A PHOTOGRAPHY firm has been ordered to pay a former employee more than £5,000 compensation after giving him wage cheques that bounced.

James Thrower, of Langley Moor, near Durham, said he quit his job at Risbeys Photographic shop, in Darlington, because he had to pester bosses every week for his wages.

When he did get paid the cheques would sometimes bounce and on one occasion a Risbeys director wrote out a cheque for Mr Thrower from his personal account, the tribunal heard.

Risbeys Photographic Limited has been ordered to pay £4,403 compensation and Mr Thrower's outstanding wages of £1,190.

The firm is a separate company from Risbeys Photography, which continues to trade.

Mr Thrower, who worked at a shop in Skinnergate, Darlington, which is now closed, claimed constructive dismissal after he quit in May.

He produced bank statements to show how cheques for his wages had bounced, and told the hearing in Newcastle: "My faith in them as employers had already been pushed to the limit from having to persistently request my wages every week, then receiving late payments from them, only to be advised by the bank that the cheque had bounced.
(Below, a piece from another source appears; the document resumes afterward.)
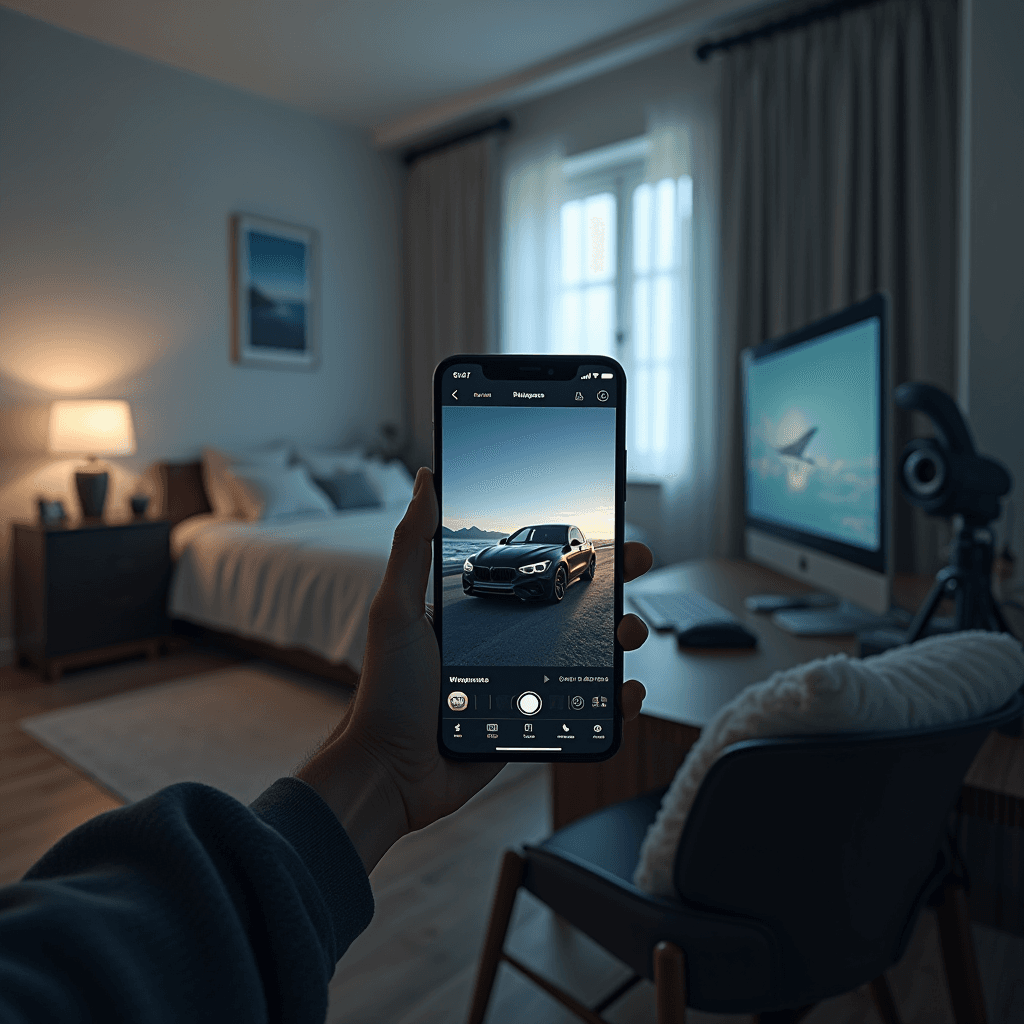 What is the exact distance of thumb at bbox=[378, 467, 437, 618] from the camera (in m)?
0.62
This latest sequence of events really was the last straw."

Since quitting Risbeys, he had been unable to find work.

No one from Risbeys Photographic was present at the hearing, although former director Derek Risbey wrote to the tribunal asking for an adjournment because he had received no correspondence about the case.

He also requested that his firm's address for correspondence be changed from Skinnergate to Baydale Road, Darlington.

The adjournment request was refused and the day before the hearing Mr Risbey was faxed to say it would go ahead, and as Risbeys was a limited company all correspondence had to be sent to its registered address.

The tribunal agreed Mr Thrower had been unfairly dismissed because of the conduct of his employer.

Derek Risbey declined to comment last night.